Is this ruining anyone’s homework problems? Just in case it is, everything I said at the beginning of my post on minimum spanning trees still applies.

With plenty of time left in my flight, this was just the opening move, though. The real question is what makes this fun for the humans who find this kind of thing fun? One hypothesis, the kind that comes naturally when you have watched the statistical physicists in action, is that fun is some sort of phase transition, and if you take random Sudoku puzzles with a certain number of entries you will maximize fun. Half-baked, I know, but as interesting as the movies they show on planes, at least. And it raises the extremely important, and possibly unsolved challenge, how do you sample uniformly at random from Sudoku puzzles with n cells filled in?

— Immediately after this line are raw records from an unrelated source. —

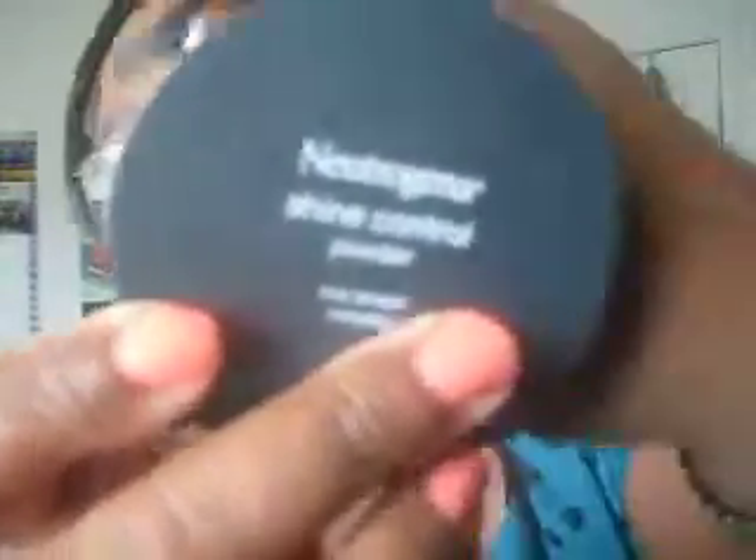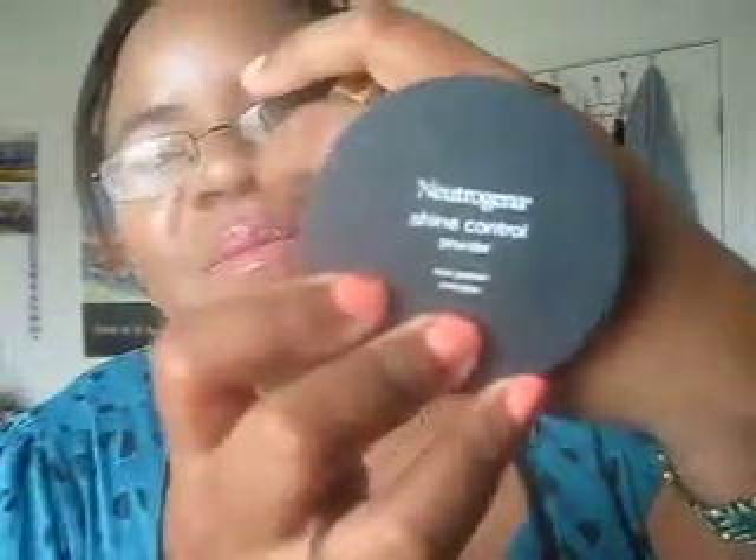For powder, I'm wearing one of my Jane Favorites products — the Natragina Shine Control Powder with Rice Protein Complex. It's just a really great translucent powder that helps keep your face matte throughout the day, with really great packaging as well. I'm liking that.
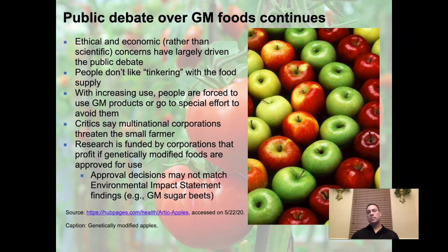The public debate over GMOs continues and will probably continue for as long as we all live. Ethical and economic rather than scientific concerns have largely driven the public debate. People don't like tinkering with the food supply — they don't like the idea that an apple isn't genetically 100% an apple, or that they might be eating something with a bacterium's gene or a jellyfish gene in it. With increasing use, people are forced to use genetically modified products or go to special effort to avoid them — for example, going completely organic.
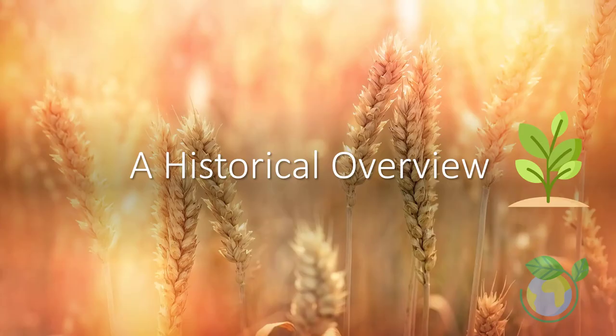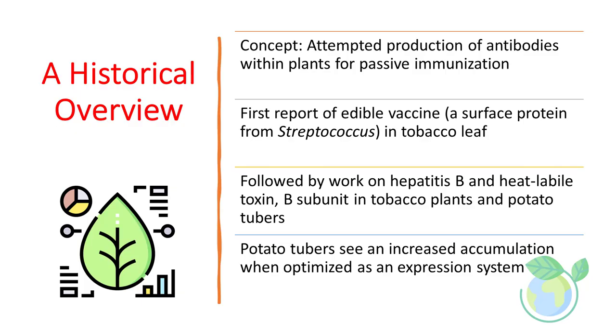Traditional vaccines are costly, require skilled medical people for administration, and are less effective in inducing mucosal immune response. The concept is simple: using crops and attempting to achieve stable production of antibodies within plants for passive immunization.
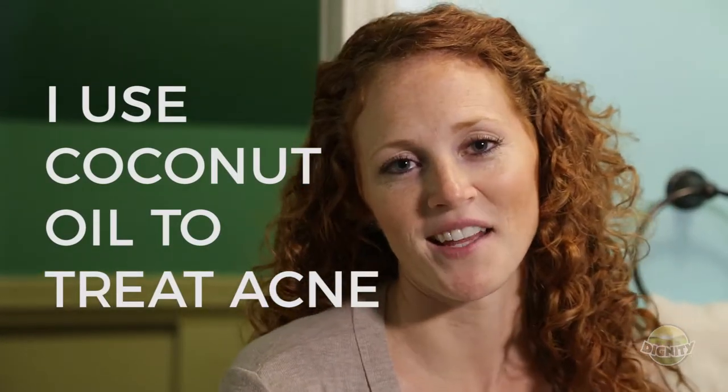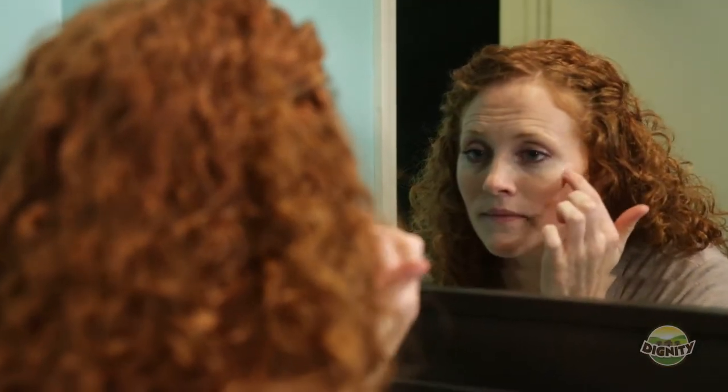I use coconut oil to treat acne. I know that might seem counterintuitive, but hear me out. Acne and pimples are basically just clogged pores because there's bacteria in them. Coconut oil contains lauric acid, which has natural antibacterial properties.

In my travel-addled state, I thought maybe a good way to do it would be to start with some complete configuration, knockout a large fraction of the cells at random, permute the remaining cells, and then solve the resulting configuration. Repeating this has got to be an ergodic markov chain, right? I’m not sure… and even then, do you think the stationary distribution is uniform?

def rand(n, T=None):
if T == None:
T = -1*ones([9,9])

# solve it to generate an initial solution
solve(T)

# do random shuffles to approximate uniformly random solution
for k in range(5):
select_random_cells(T, 20)
randomly_permute_labels(T)
solve(T)

# remove appropriate amount of labels
select_random_cells(T, n)

return T


Now, when Jessi found out that I was helping computers take her sudoku-solving job away, she thought I was a geek, but when she found out I was generating puzzles with more than one solution, she was outraged. Sudoku puzzles have a unique solution! So maybe what is really fun is a random puzzle with a unique solution, and the right number of cells filled in, where a smaller number of cells means that harder puzzles are right. Fortunately/unfortunately my travel ended before I finished investigating this important issue.

I doubt it is related, but I got pretty sick the next day.